Johan Schouten
programmamanager ProRail
Met de komst van nieuw materieel dreigt er ook capaciteitstekort op emplacementen. Willen we elke ochtend de treinen op tijd, schoon, veilig en juist samengesteld beschikbaar stellen voor de dienstregeling? Dan moeten we nu maatregelen nemen.
Planning cruciaal
Het is lange tijd gelukt om steeds meer treinen toe te voegen aan de dienstregeling. Planning deed er minder toe; er was immers voldoende capaciteit op knopen en emplacementen. Dat is nu niet meer het geval. Planning is cruciaal geworden. Voor de dienstregeling en voor het ‘servicen’ van al het materiaal op de emplacementen.

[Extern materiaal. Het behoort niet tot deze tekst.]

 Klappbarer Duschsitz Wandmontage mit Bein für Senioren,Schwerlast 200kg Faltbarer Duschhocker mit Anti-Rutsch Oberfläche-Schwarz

‘We beschikken over duizenden meters perroncapaciteit. Laten we daar meer gebruik van maken!’
Capaciteitstekort
Dit servicen gebeurt vooral in de late avond en in de nacht, meestal op specifieke emplacementen en sporadisch op een station. Om extra capaciteit te creëren worden onder meer nieuwe emplacementen gebouwd en worden bestaande beter benut. Slechts beperkt wordt perroncapaciteit gebruikt. Het nieuwe materieel – zo’n 20 procent extra – komt al voordat de maatregelen gerealiseerd zijn. We moeten nu al alle zeilen bijzetten en zoeken naar creatieve oplossingen.
Pitstopmodel
Als we de nacht eens ontlasten met het zgn. pitstopmodel? Een keer per etmaal gaat elke trein naar een servicelocatie voor de dagelijkse behandeling en vervolgens weer terug de dienstregeling in. Ik ben van mening dat dat heel eenvoudig kan: overdag haal je treinstellen weg, die gaan voor service naar een emplacement en haken weer aan voor de avondspits. Lijngebonden trajecten hebben dan de voorkeur; hetzelfde materieel op dezelfde route, vergelijkbaar met vervoerders als Arriva en Veolia.
Perroncapaciteit
Ook deze werkwijze vereist dat het materieel in de nacht ergens wordt neergezet. We rijden immers geen 24 uur per dag. Nog meer nieuwe emplacementen bouwen is financieel niet haalbaar. We beschikken over duizenden meters perroncapaciteit. Laten we daar meer gebruik van maken! Voor de huidige belemmeringen moeten oplossingen gevonden worden. Denk aan de veiligheid van de machinisten, graffiti, beschikbaarheid van onderhoudspaden en geluidsoverlast voor de omgeving. Dit vraagt om een ander bedrijfsmodel en mogelijkheden om het materieel stil weg te zetten door minder apparatuur te laten draaien.
Kort cyclische planning
Wil deze werkwijze slagen, dan moeten we de data op orde hebben en zorgen dat we snel kunnen werken: een kort cyclische planning, ondersteund met beschikbare data en ICT tooling. Nieuwe treinen beschikken over veel meer software. Op een aantal locaties zal digitale meetapparatuur moeten komen die voortdurend data uitleest en met softwareherkenning vaststelt wat nodig is.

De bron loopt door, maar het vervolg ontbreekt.